Melody Wanjiru is a fast-rising female deejay in Nairobi, with a vision of being at the top. The 24-year-old, popularly known as DJ Mellow, has been deejaying for half a decade now. Thomas Matiko caught up with her and she opened up on how she has been coping in this male-dominated industry.
What is it like being a female deejay in an industry that’s male dominated?
It’s not a walk in the park, so you have to fight. For instance, you may approach a club owner for a gig and when you give him your rate card, he compares you to other established deejays who have been in the game for a while and tells you they don’t charge as much as you are. They have this notion that female deejays don’t have what it takes, thus they feel we should charge less – not close or equal to – our male colleagues. It irritates me. Some of us do a better job than the men and, besides that, each of us has his or her rate card and standards.
If someone is to hire DJ Mellow, what is her rate?
Mmmmh! A lot of things come into play. First, I would consider where the gig is to take place, for how long, the kind of transport being offered, accommodation, meals, safety, among other things; just the basic needs to perform our task. After analysing all that, is when I would be able to give my quotation. I’m flexible because its business and we’re both looking for a win-win situation (smiling).
Have you ever encountered sexism when hustling for gigs?
I am yet to experience that, but a lot of my female colleagues have confessed to me that they have been asked to pay in kind for them to get the job. If that is to happen to me, I would rather not take the job no matter how much it is paying. I just can’t afford such offers.
Let’s put this debate to rest, are Kenyan deejays artistes as many of them claim to be?
I don’t think we are. If I may speak for myself, what I do as a deejay is the art and not being the artiste. I craft my masterpiece in the deejaying industry. It’s very simple, I come showcase my skills of playing music, get paid and go home.
Despite the huge number of deejays we have around, we are yet to see one of DJ Khaled’s caliber who not only deejays but writes and produces songs as well as creates beats. Why is that?
We’ve got DJ Creme de la Creme who has started producing songs. Having said that, you should understand we are a developing country striving to be at par with the developed ones, who have a wider range of ideas about the industry compared to us. As you talk of numbers, you have to know that some of the deejays we have around are in it to make quick money. They aren’t passionate about the craft; that also kills creativity.
Another debate that has been around for quite some time involves claims by local artistes that deejays give foreign content more airplay?
Hehehe! We have been blamed for this for a long time and the claims are not about to end. If I am to be honest, however, it’s never about the deejays, but the audience we entertain. They demand more foreign than local content, which means we have no choice but to play that. At the end of the day, you want to make everyone happy and build your brand.

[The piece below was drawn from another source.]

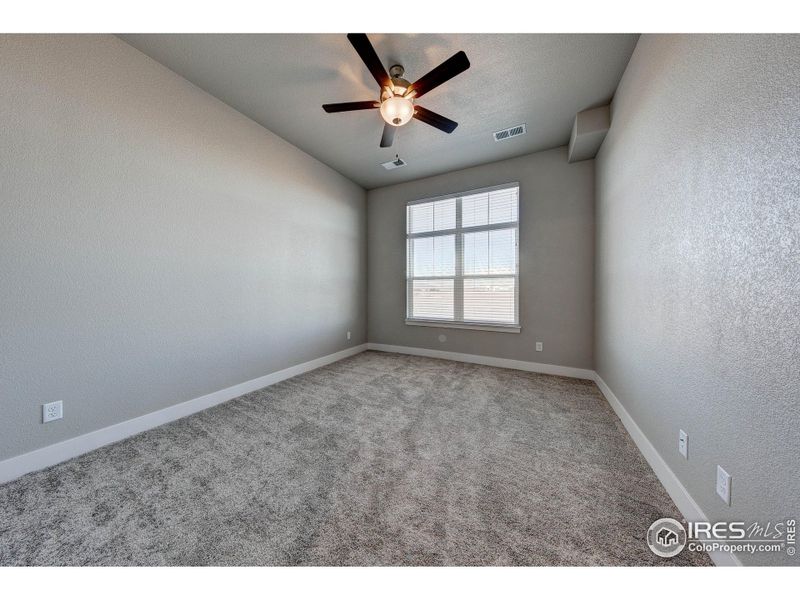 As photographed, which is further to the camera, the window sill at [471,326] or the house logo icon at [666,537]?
the window sill at [471,326]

What has been your biggest achievement over the five years you have been doing this?
In 2017, I was nominated by a female deejaying website known us Djanetop.com for “Best Female DJ in Africa”. I finished fourth and was position 220 worldwide.
Where did you grow up?
I was born in Nyeri. I also went to school there, before moving to the city.

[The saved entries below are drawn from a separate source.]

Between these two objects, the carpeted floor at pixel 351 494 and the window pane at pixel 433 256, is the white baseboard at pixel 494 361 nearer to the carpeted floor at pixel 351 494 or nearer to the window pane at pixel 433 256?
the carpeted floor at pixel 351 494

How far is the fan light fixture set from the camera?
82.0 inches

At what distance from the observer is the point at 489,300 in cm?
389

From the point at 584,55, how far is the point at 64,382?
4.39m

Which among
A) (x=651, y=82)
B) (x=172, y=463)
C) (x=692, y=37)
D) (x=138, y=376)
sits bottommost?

How would you describe your love life?
Hahaha! Are you asking if I have a boyfriend? Kindly let that pass; it’s classified.

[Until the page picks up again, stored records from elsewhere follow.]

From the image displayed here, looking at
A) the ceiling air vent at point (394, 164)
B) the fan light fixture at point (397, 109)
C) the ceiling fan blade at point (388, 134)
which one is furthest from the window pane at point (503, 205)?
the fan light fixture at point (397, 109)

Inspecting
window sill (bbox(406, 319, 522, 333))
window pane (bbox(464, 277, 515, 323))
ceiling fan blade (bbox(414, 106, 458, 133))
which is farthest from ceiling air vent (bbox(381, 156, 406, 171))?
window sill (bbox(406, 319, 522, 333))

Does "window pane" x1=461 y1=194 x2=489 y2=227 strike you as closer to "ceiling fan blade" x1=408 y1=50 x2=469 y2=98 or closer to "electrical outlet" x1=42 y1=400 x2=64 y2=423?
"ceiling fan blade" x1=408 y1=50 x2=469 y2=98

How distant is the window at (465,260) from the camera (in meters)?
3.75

What is one character that a stranger will easily notice about you?
I am a free spirit. I mingle easily with anyone.
What’s that one assumption about deejays that you don’t subscribe to?
Many deejays are perceived to be party animals and drunkards because of the fact that most of our gigs are in joints and clubs. However, I’m a different case study. I neither drink alcohol nor smoke. If I’m to drink, then it will be water until I’m done with my set, then I go home.
Tell us about “Colour Purple” concert that will be hosted by Zari Hassan here in May, with you as the deejay?
Well, it is an all-female event that aims at sensitising and creating awareness among women about the importance of cancer screening. I am honoured to be a part of it, but I will not be the only female deejay on the decks. We’ll also have DJ Pierra, DJ Tabz and DJ Malaika.